(Aim of the exercise) From the line with "Beautiful Home In" through the line with "2019 Toyota Tacoma Image 26", repeat the entries verbatim, both end lines included, and add nothing.

Collection entries
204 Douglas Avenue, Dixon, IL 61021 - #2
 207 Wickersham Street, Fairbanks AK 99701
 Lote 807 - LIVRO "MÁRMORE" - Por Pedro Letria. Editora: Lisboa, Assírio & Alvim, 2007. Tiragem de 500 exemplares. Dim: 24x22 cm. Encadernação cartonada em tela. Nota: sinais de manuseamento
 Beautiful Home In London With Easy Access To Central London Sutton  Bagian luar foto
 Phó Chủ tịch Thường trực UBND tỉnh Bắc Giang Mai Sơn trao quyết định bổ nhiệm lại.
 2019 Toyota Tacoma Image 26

---

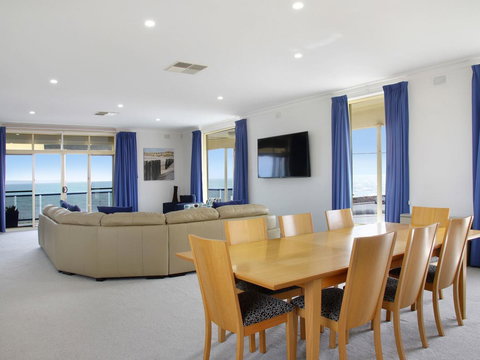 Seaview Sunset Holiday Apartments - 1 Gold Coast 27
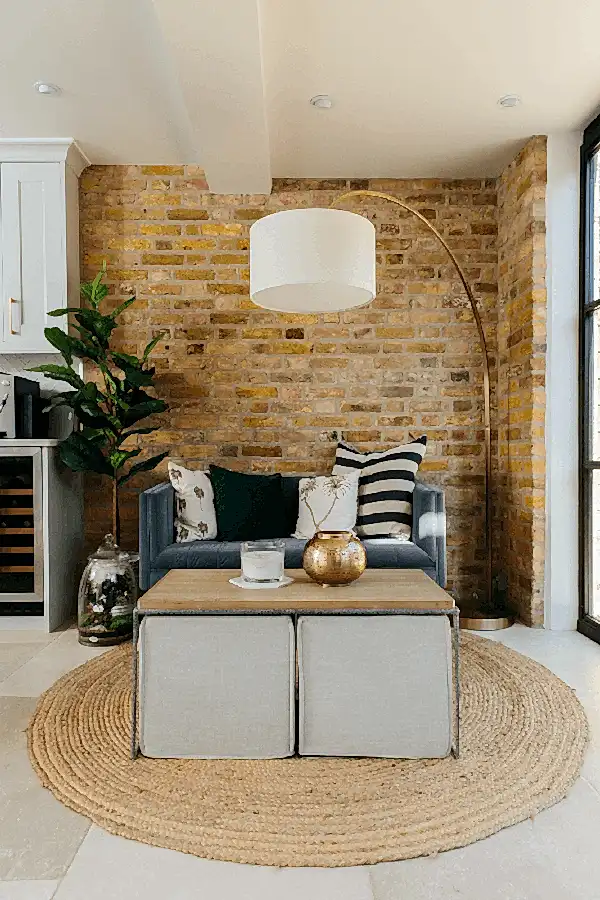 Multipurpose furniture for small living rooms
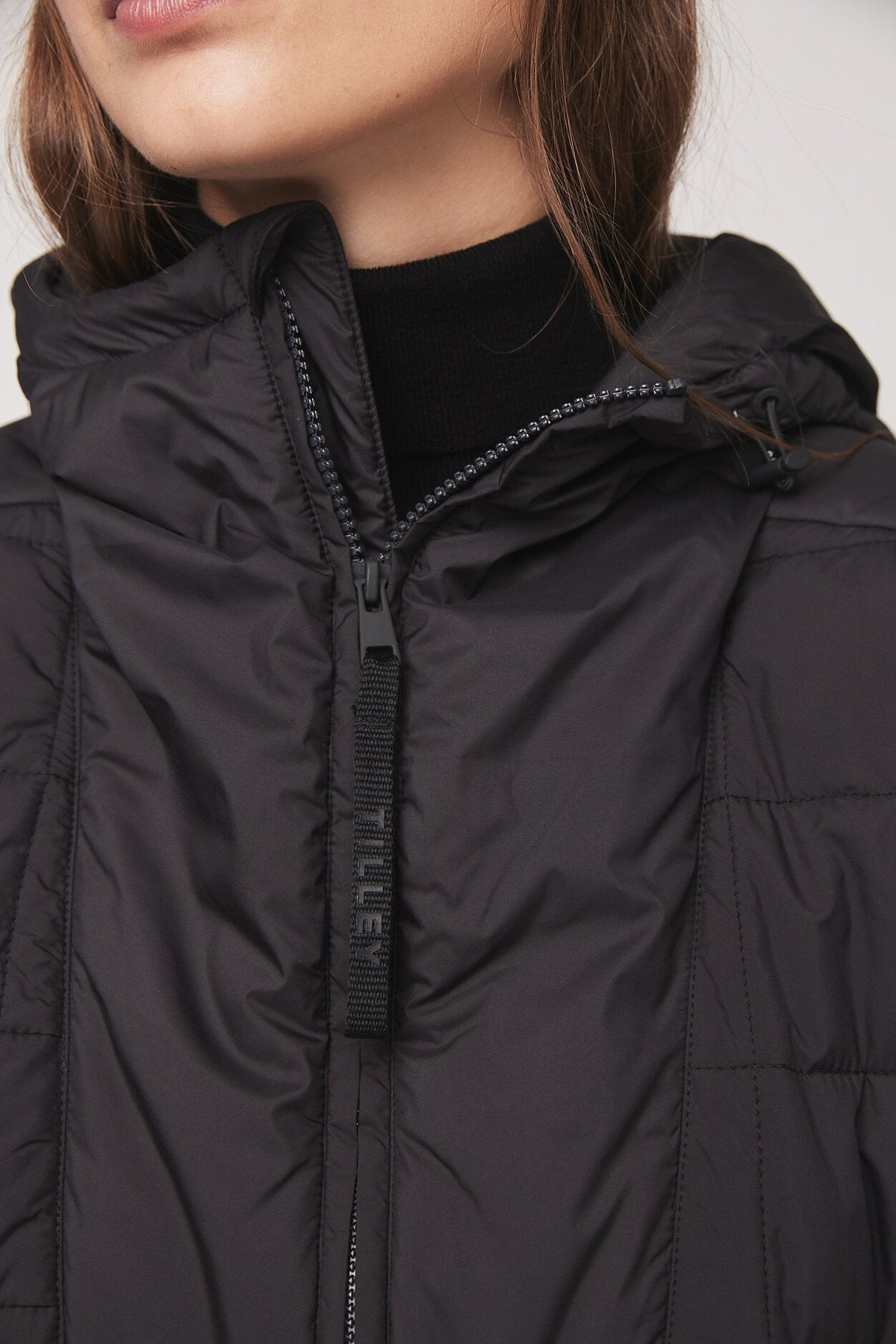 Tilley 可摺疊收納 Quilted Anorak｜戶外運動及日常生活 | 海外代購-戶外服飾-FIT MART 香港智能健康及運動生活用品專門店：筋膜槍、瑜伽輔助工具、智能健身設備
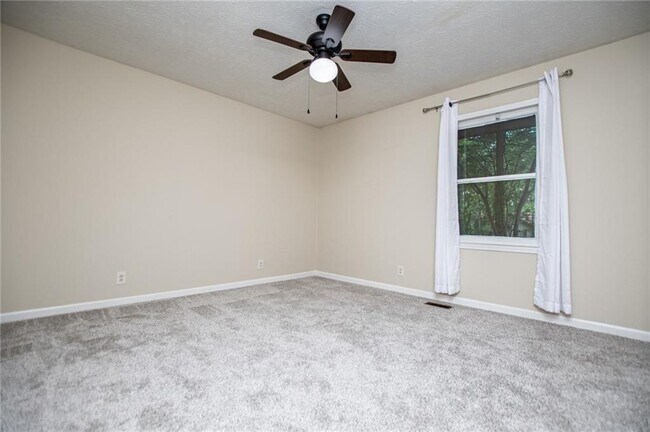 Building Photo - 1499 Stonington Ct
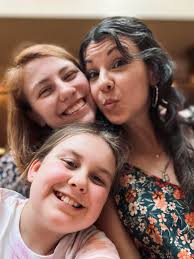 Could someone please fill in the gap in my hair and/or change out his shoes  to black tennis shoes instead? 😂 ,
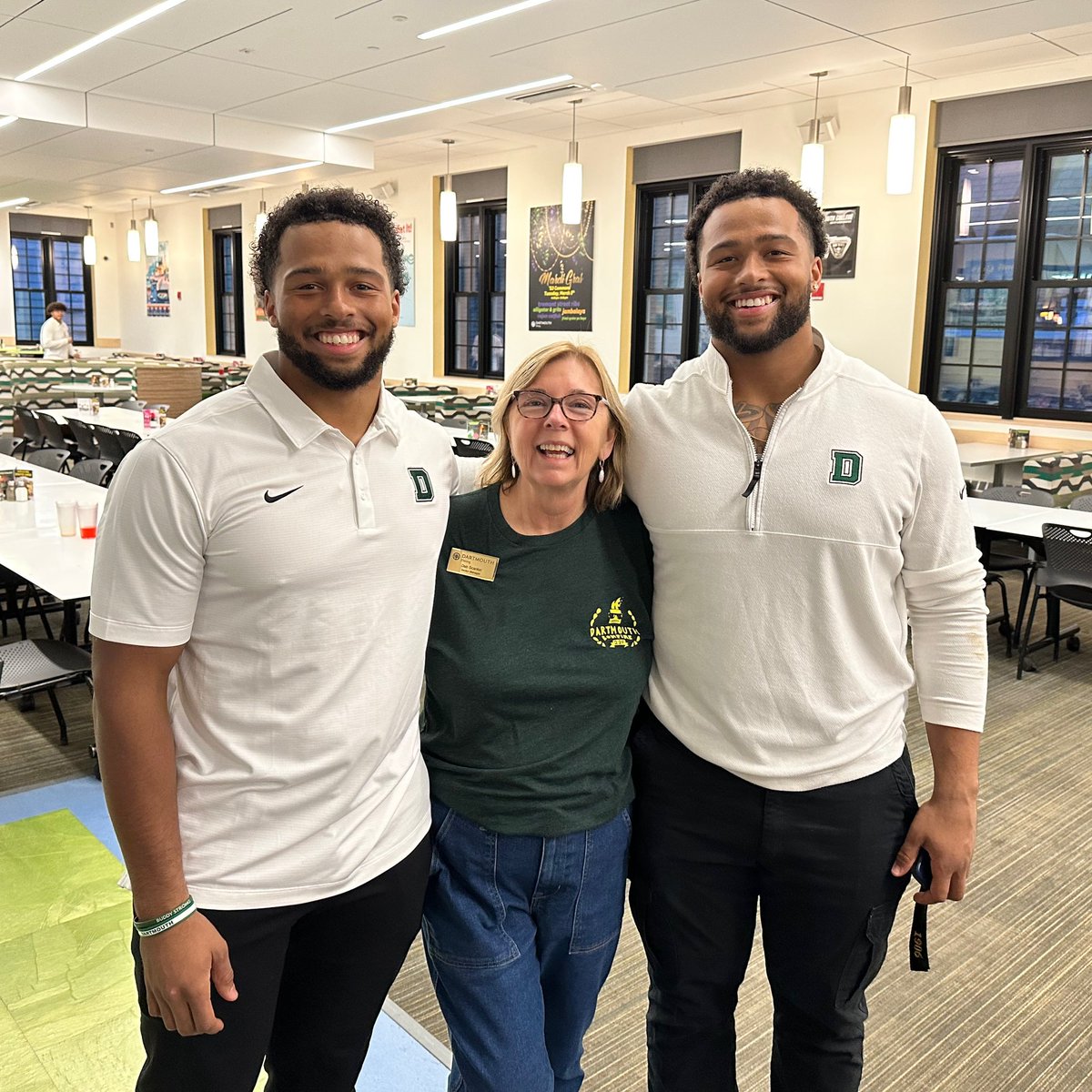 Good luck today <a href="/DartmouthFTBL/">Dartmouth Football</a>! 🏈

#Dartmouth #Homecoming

* * *

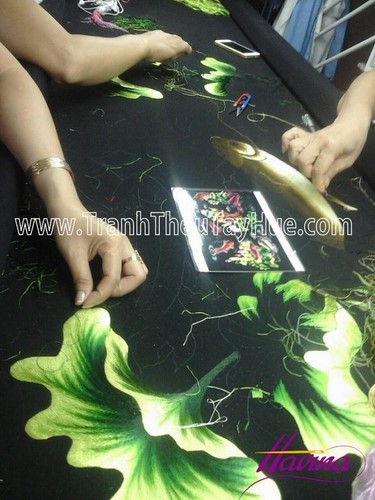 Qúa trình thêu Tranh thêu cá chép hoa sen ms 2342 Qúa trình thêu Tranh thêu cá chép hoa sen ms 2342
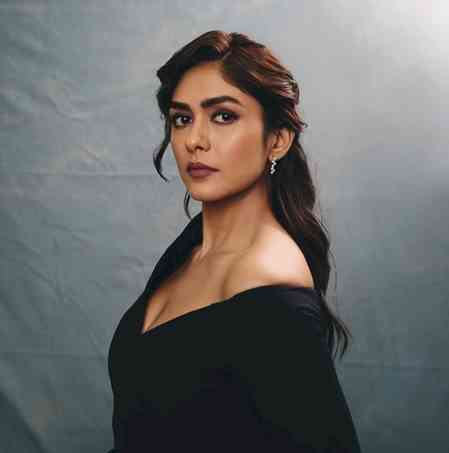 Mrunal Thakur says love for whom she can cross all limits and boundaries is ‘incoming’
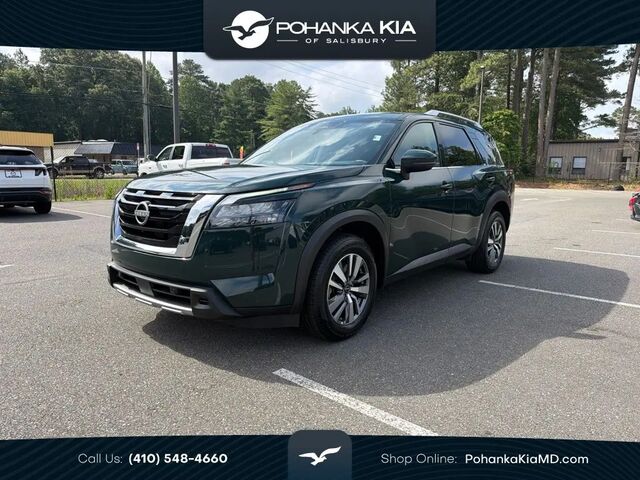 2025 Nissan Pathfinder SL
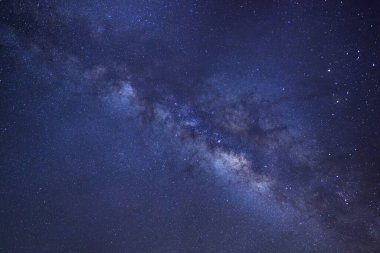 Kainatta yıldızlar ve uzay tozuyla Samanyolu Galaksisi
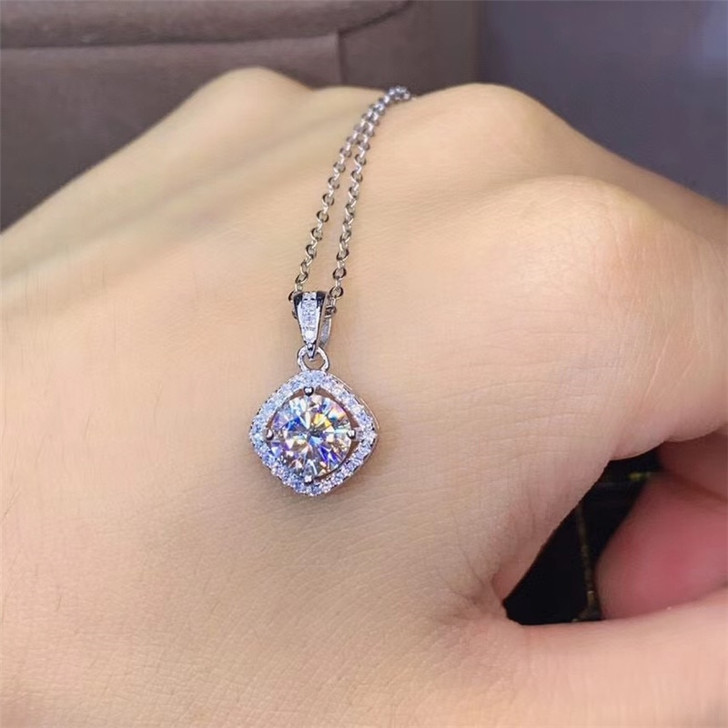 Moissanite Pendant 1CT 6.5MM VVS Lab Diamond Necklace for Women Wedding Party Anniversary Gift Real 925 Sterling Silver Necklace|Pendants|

(Problem solution)
 Beautiful Home In London With Easy Access To Central London Sutton  Bagian luar foto
 Phó Chủ tịch Thường trực UBND tỉnh Bắc Giang Mai Sơn trao quyết định bổ nhiệm lại.
 2019 Toyota Tacoma Image 26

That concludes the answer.